Contents of the printcp table:
Remember that this table is normalized so that the error in the root node is 1
cp: cost-complexity parameter (as we have said before it is alpha / error by resolution in root node)
nsplit: number of divisions (nsplit + 1 = number of terminal nodes)
rel error: relative error
xerror: error by cross validation
xstd: standard deviation (it helps us analyze the 1-SE rule)

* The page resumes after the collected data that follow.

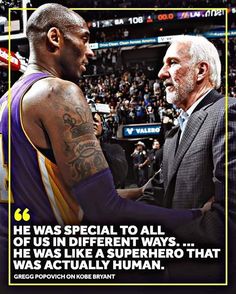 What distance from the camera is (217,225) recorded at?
200 centimetres

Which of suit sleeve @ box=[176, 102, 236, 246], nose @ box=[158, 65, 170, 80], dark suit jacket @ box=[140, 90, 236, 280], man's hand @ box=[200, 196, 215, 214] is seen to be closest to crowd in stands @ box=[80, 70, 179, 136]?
nose @ box=[158, 65, 170, 80]

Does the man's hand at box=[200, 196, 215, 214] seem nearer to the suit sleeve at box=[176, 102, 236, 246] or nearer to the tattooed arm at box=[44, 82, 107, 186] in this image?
the suit sleeve at box=[176, 102, 236, 246]

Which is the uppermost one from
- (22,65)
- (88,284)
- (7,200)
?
(22,65)

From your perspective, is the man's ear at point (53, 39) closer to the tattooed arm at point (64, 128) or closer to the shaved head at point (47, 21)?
the shaved head at point (47, 21)

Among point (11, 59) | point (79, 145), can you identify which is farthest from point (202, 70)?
point (11, 59)

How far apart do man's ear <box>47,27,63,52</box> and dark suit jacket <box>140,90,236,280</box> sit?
0.66 metres

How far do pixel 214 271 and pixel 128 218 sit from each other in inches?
18.0

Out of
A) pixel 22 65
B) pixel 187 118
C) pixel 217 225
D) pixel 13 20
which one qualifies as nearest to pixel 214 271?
pixel 217 225

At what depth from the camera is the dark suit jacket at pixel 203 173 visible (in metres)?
1.96

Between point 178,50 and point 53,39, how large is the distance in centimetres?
56

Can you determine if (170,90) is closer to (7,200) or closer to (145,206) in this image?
(145,206)

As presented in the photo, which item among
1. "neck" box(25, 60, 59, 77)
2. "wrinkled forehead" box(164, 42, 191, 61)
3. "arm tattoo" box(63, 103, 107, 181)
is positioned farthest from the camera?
"wrinkled forehead" box(164, 42, 191, 61)

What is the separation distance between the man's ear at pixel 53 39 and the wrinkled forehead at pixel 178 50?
19.5 inches

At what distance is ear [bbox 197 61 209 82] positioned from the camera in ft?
6.66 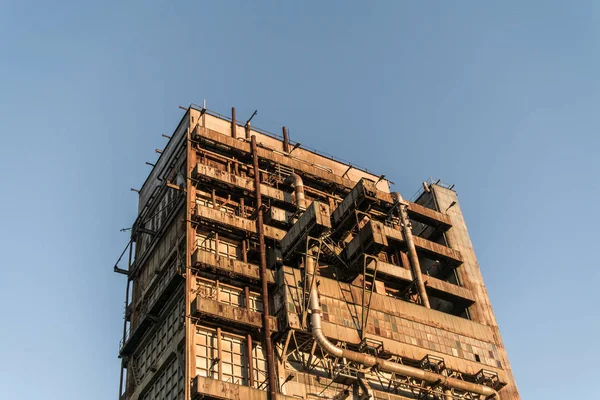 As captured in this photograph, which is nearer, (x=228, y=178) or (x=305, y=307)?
(x=305, y=307)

Let see (as an exercise) what happen if I choose to prune the tree to keep the sub tree with cp = 0.010.


```{r}
model.cl.pod=prune(model.cl,cp=0.010) 
plot(model.cl.pod,margin=0.1)
text(model.cl.pod, use.n=T,col="blue")
```


Classification error of the prunned tree


```{r}
K=30	
	error.cl.pod=NULL
	n = nrow(iris)
	for(k in 1:K)	{
		smp=sample(n,round(n/3))
		learn=iris[-smp,]
			test=iris[smp,]
			model.cl.pod.learn=rpart(Species~.,cp=0.010,learn) 
			pred.cl.pod.learn=predict(model.cl.pod.learn,type="class",test)
			error.cl.pod[k] = error = mean(pred.cl.pod.learn!= test[,5])}
	
mean.error.cl.pod=mean(error.cl.pod)
sd.error.cl.pod=sd(error.cl.pod)
mean.error.cl.pod
sd.error.cl.pod

mean.error.cl
sd.error.cl	
```
			
				
## 2- Regression trees
We use airquality data

```{r}
data=airquality
attach(data)
model.rg=rpart(Ozone~Solar.R+Wind+Temp,data=data)
model.rg
summary(model.rg)
plot(model.rg,margin=0.1)
text(model.rg, use.n=T)

```


Compute pseudo-R2
(deviance root node - deviance tree)/desviance root node
where do you read deviance for model.rg?

Predictions

```{r}
predict(model.rg)
newdata = rbind(c(315,12,60),c(270,9,65))  
dimnames(newdata)=list(NULL, c("Solar.R","Wind","Temp"))
newdata=data.frame(newdata)
pred=predict(model.rg,newdata)
pred

```


Kept the tree according to the cp criterion (crossvalidation and 1-SE Rule).


```{r}
printcp(model.rg)
plotcp(model.rg) 
```

Here some ways to select cp:

```{r}
#With crossvalidation
cp.optx = model.rg$cptable[which.min(model.rg$cptable[,"xerror"]),"CP"]
cp.optx

#with 1-SErule
xerror=model.rg$cptable[,4]
xstd <- model.rg$cptable[, 5]
t.opt <- min(seq(along = xerror)[xerror <= min(xerror) + xstd[which.min(xerror)]])
cp.opt1SE=model.rg$cptable[t.opt,1]
cp.opt1SE
#We kept with the tree which satisfies 1SE rule
model.rg.pr=prune(model.rg,cp=cp.opt1SE)
plot(model.rg.pr,branch=0.1,margin=0.1)
text(model.rg.pr, use.n=T,col="orange")
```


Classification error
```{r}
K=30	
	error.rg.pr=NULL
	n = nrow(data)
	for(k in 1:K)	{
		smp=sample(n,round(n/3))
		learn=data[-smp,]
		learn=learn[,1:4]
		test=data[smp,]
		test=test[,1:4]
			model.rg.pr.learn=rpart(Ozone~Solar.R+Wind+Temp,learn)
			pred= predict (model.rg.pr.learn,test)	
			sin.na=na.omit(cbind(test[,1],pred))
			error.rg.pr[k] = sqrt(mean((sin.na[,1]-sin.na[,2])^2)) 
	}
	
mean.error.rg.pr=mean(error.rg.pr)
sd.error.rg.pr=sd(error.rg.pr)

mean.error.rg.pr
sd.error.rg.pr
	
```
			
				
The final model is the one build over all data!